L’arrivée de Bruce Willis rassure énormément producteurs et distributeurs. Néanmoins, un gros problème se pose pour Rian Johnson : Joseph Gordon-Levitt et Bruce Willis ne se ressemblent absolument pas, or ils sont censés être une seule et même personne dans le film. Abandonnant l’idée d’utiliser des effets numériques, Rian Johnson va engager un génie japonais du maquillage pour faire en sorte que Gordon-Levitt ressemble un tant soit peu à Bruce Willis. Johnson se passera aussi d’effets numériques pour créer sa vision d’une ville futuriste. Le réalisateur souhaite dépeindre un futur proche, réaliste et sobre.

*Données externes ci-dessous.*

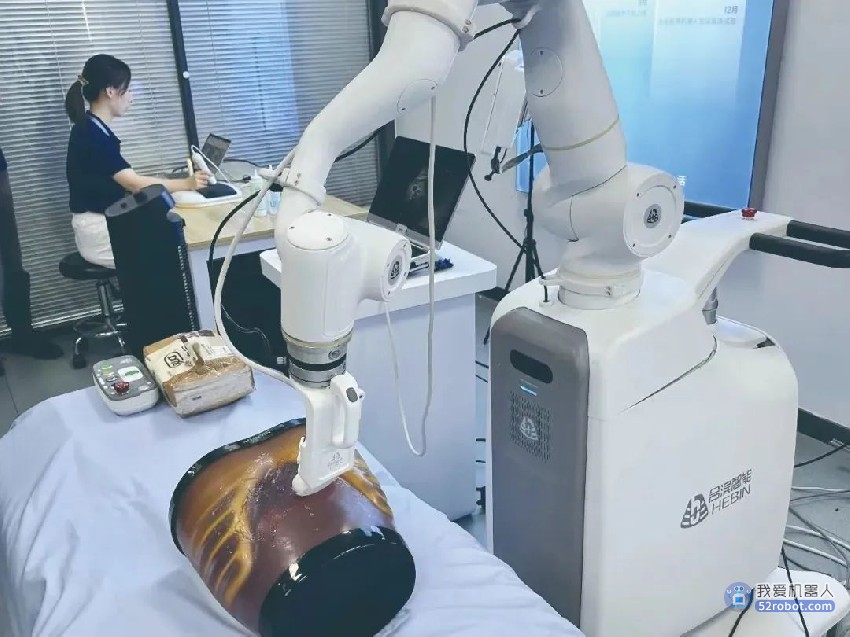 刘振：看爱人辛苦，他便造了一台智能医疗机器人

Loin des visions flamboyantes de certaines productions, Looper nous propose une version du futur à base de décors urbains froids, de jeux de lumière et d’influences manga. Si la sf est très propice au mélange des genres, on peut dire que Looper est un mix entre le thriller, le film de mafieux et la science-fiction.
Un des gros points forts de Looper est forcément le duo/duel entre le jeune et le vieux Joe. Car ici, même s’il s’agit de la même personne, on se retrouve bien en face de deux personnages distincts. Leur relation est on ne peut plus complexe. D’un côté ils sont unis par un lien puissant, un peu comparable à la gémellité. Mais le revers de la médaille consiste en une incompatibilité presque totale : le jeune et le vieux Joe n’ont pas du tout les mêmes personnalités et attitudes. Et ils n’ont absolument pas les mêmes objectifs, les mêmes rêves. Voilà un face à face tout en nuances et paradoxes.
Mais il ne faut pas croire que tout tourne autour de ces deux personnages paumés, amoraux, finalement peu sympathiques. Looper a bien plus à offrir car il soigne tout son petit monde. Le film présente par petites touches un “méchant”, le Maître des Pluies, au profil tout ce qu’il y a de plus atypique. Parfaitement conscient de l’aura inquiétante et intrigante du personnage, l’habile Rian Johnson se gardera bien de nous le montrer avant le dernier acte, suspense oblige. L’arrivée de Sara (Emily Blunt) et – surtout! – du tout jeune Cid (Pierce Gagnon, un gamin juste bluffant!) vient enrichir un film qui ne s’essoufflait même pas. Du luxe! Looper quitte alors l’univers amoral de la ville pour se donner des allures de western SF, où la moralité doit refaire surface à un moment où un autre. D’une façon paradoxale forcément.
CONCLUSION
Looper est une production au propos ambitieux et à la réalisation stimulante. Truffé de références facilement reconnaissables, le film n’en est pas moins absolument unique.